Transverse relaxation time (T2) of microgel suspensions of (a) Group 1 and (b) Group 2 in the pH range of 6.0–7.4 at 28 °C (mean ± standard error of the mean (SEM), n = 3). The microgel cross-linked with 20 mol% DEGDMA is shown in both figures. The inset in (b) is a T2-weighted image of the 40 mol% DEGDMA-based microgel in 100 mM phosphate buffer (pH 6.4 and 7.4) at room temperature. [microgel] = 0.50 wt% unless otherwise noted.

The phase transition depends on electrostatic repulsion of deprotonated carboxy groups and intramolecular attractive force such as van der Waals interactions of the side chains [24]. The higher degree of cross-linking can increase the intramolecular attractive force. As a result the phase transition pH shifted to a higher value than apparent pKa of non-cross-linked poly(methacrylic acid), which is around 6 [24]. The microgels cross-linked by 40 mol% and 45 mol% DEGDMA could have well-balance between hydrophilicity of the ethylene glycol moieties and hydrophobicity of the methyl groups to respond in the neutral pH. On the other hand, the other cross-linkers were unlikely to be utilized to achieve this balance. TEGDMA and TETEGDMA formed a huge aggregate if their reaction stoichiometry was more than 30 mol% because of their high reactivity. EGDMA and MBAA may be too short and less flexible to swell beyond the intramolecular attractive force.
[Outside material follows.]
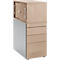 Schäfer Shop Genius Standcontainer mit Aufsatzschrank inkl. Schiebetür, komplett abschließbar, seitliche Griffnut, Eiche/weißalu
The concentration dependence of T2 was tested using 0.10 and 0.25 wt% suspensions of the 40 mol% DEGDMA-based microgel (Figure 4b). The 0.25 wt% suspension showed a T2 jump between pH 6.4 and 6.6, which was similar to that of 0.50 wt% suspension. In contrast, the 0.10 wt% suspension showed moderate T2 changes from pH 6.0 to 6.6, although the phase transition pH was maintained at approximately 6.6 (Figure 3a). Therefore, T2 reductions may be caused not only by volume phase transition but also by other pH-dependent effects such as proton chemical exchange via functional side groups [25,26,27]. Group 1 and 2 microgel suspensions showed little changes in longitudinal relaxation time (T1) compared with the polymer-free buffer (T1 ≈ 2.8, data not shown) (Figure 5). This could be due to the extremely slow motion of bound waters on the microgel surface [28,29,30,31].

Figure 5

Longitudinal relaxation time (T1) of microgel suspensions of (a) Group 1 and (b) Group 2 in the pH range of 6.0–7.4 at 28 °C (mean ± SEM, n = 3). The microgel cross-linked with 20 mol% DEGDMA is shown in both figures. [microgel] = 0.50 wt%.

4. Conclusions

We demonstrated the development of the polymer microgels that undergo volume phase transition in the narrow range of neutral pH by tuning cross-linking conditions in precipitation polymerization. The microgels based on the appropriate cross-linkers and cross-linking degree caused substantial T2 changes around the transition pH. T2-weighted MRI showed that the 40 mol% DEGDMA-based microgel permits detection of a weakly acidic condition. This approach might be useful for producing a versatile platform, especially for the development of pH-responsive MRI sensors. For future application, a conjugation with paramagnetic metal chelates and polymer encapsulation of magnetic nanoparticles would be potentially important in enhancing the sensitivity of sensors [32,33,34,35,36].